Bases: sage.combinat.crystals.tensor_product.TensorProductOfCrystalsElement

There are several ways to input tableaux, by rows, by columns, as the list of column elements, or as a sequence of numbers in column reading.

EXAMPLES:

sage: T = CrystalOfTableaux(['A',3], shape = [2,2])
sage: t = T(rows=[[1,2],[3,4]])
sage: t
[[1, 2], [3, 4]]
sage: TestSuite(t).run()

sage: t = T(columns=[[3,1],[4,2]])
sage: t
[[1, 2], [3, 4]]
sage: TestSuite(t).run()

sage: t = T(list=[3,1,4,2])
sage: t
[[1, 2], [3, 4]]

sage: t = T(3,1,4,2)
sage: t
[[1, 2], [3, 4]]

Currently inputting the empty tableau as an empty sequence is broken due to a bug in the generic __call__ method (see trac ticket #8648)

EXAMPLES:

sage: T = CrystalOfTableaux(['A',3], shape=[])
sage: t = T()
sage: t._list
[0]

pp()¶

EXAMPLES:

sage: T = CrystalOfTableaux(['A',3], shape = [2,2])
sage: t = T(rows=[[1,2],[3,4]])
sage: t.pp()
1  2
3  4

promotion()¶

Promotion for type A crystals of tableaux of rectangular shape

Returns the result of applying promotion on this tableau.

This method only makes sense in type A with rectangular shapes.

EXAMPLES:

sage: C = CrystalOfTableaux(["A",3], shape = [3,3,3])
sage: t = C(Tableau([[1,1,1],[2,2,3],[3,4,4]]))
sage: t
[[1, 1, 1], [2, 2, 3], [3, 4, 4]]
sage: t.promotion()
[[1, 1, 2], [2, 2, 3], [3, 4, 4]]
sage: t.promotion().parent()
The crystal of tableaux of type ['A', 3] and shape(s) [[3, 3, 3]]

promotion_inverse()¶

Inverse promotion for type A crystals of tableaux of rectangular shape

Returns the result of applying inverse promotion on this tableau.

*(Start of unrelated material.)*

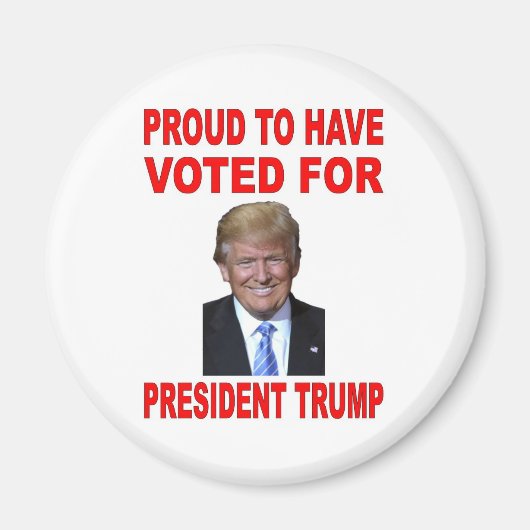 BEVORDERING OM VOOR DE TRUMP VAN HET PRESIDENT TE MAGNEET (Voorkant)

This method only makes sense in type A with rectangular shapes.

EXAMPLES:

sage: C = CrystalOfTableaux(["A",3], shape = [3,3,3])
sage: t = C(Tableau([[1,1,1],[2,2,3],[3,4,4]]))
sage: t
[[1, 1, 1], [2, 2, 3], [3, 4, 4]]
sage: t.promotion_inverse()
[[1, 1, 2], [2, 3, 3], [4, 4, 4]]
sage: t.promotion_inverse().parent()
The crystal of tableaux of type ['A', 3] and shape(s) [[3, 3, 3]]

to_tableau()¶

Returns the Tableau object corresponding to self.

EXAMPLES:

sage: T = CrystalOfTableaux(['A',3], shape = [2,2])
sage: t = T(rows=[[1,2],[3,4]]).to_tableau(); t
[[1, 2], [3, 4]]
sage: type(t)
<class 'sage.combinat.tableau.Tableau_class'>
sage: type(t[0][0])
<type 'sage.rings.integer.Integer'>
sage: T = CrystalOfTableaux(['D',3], shape = [1,1])
sage: t=T(rows=[[-3],[3]]).to_tableau(); t
[[-3], [3]]
sage: t=T(rows=[[3],[-3]]).to_tableau(); t
[[3], [-3]]
sage: T = CrystalOfTableaux(['B',2], shape = [1,1])
sage: t = T(rows=[[0],[0]]).to_tableau(); t
[[0], [0]]

class sage.combinat.crystals.tensor_product.CrystalOfWords¶

Bases: sage.structure.unique_representation.UniqueRepresentation, sage.structure.parent.Parent

Auxiliary class to provide a call method to create tensor product elements. This class is shared with several tensor product classes and is also used in CrystalOfTableaux to allow tableaux of different tensor product structures in column-reading (and hence different shapes) to be considered elements in the same crystal.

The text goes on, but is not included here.